> Supplied information:
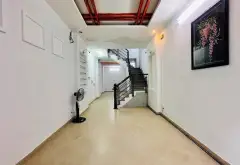 Nhà đẹp 3 tầng khu VIP Lê Văn Huân Tân Bình giá tốt khó tìm... Bán nhà riêng tại Tân Bình, Hồ Chí Minh 01
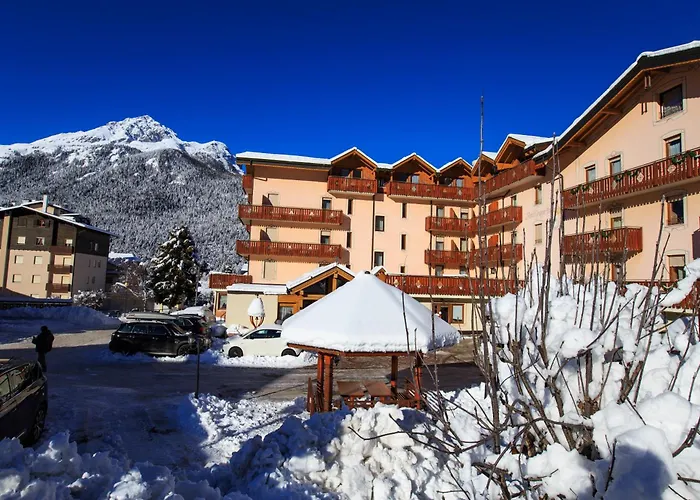 Hotel Gruppo Brenta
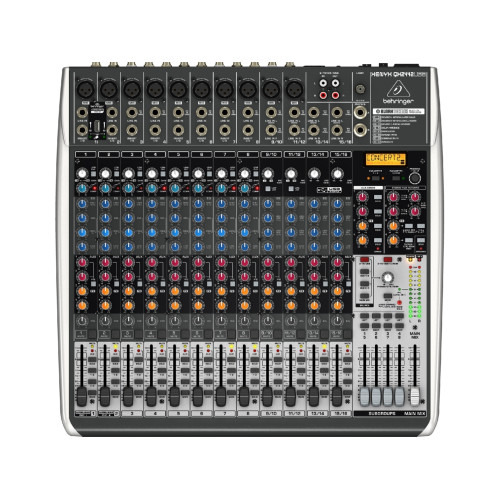 BEHRINGER QX2442USB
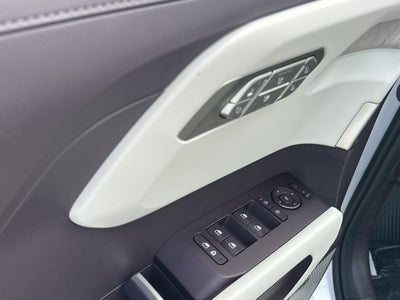 2027 Kia Telluride Hybrid SX-Prestige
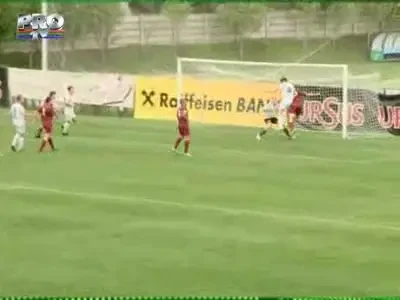 Pustii lui Hagi castiga tot: Campioni la 15 ani, dupa 6-0 in finala cu CFR!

> Your task: Only the lines from the one containing "Hotel Gruppo Brenta" through the end of the listing should be output, word for word and inclusive; keep pictures out.

> Your solution:
 Hotel Gruppo Brenta
 BEHRINGER QX2442USB
 2027 Kia Telluride Hybrid SX-Prestige
 Pustii lui Hagi castiga tot: Campioni la 15 ani, dupa 6-0 in finala cu CFR!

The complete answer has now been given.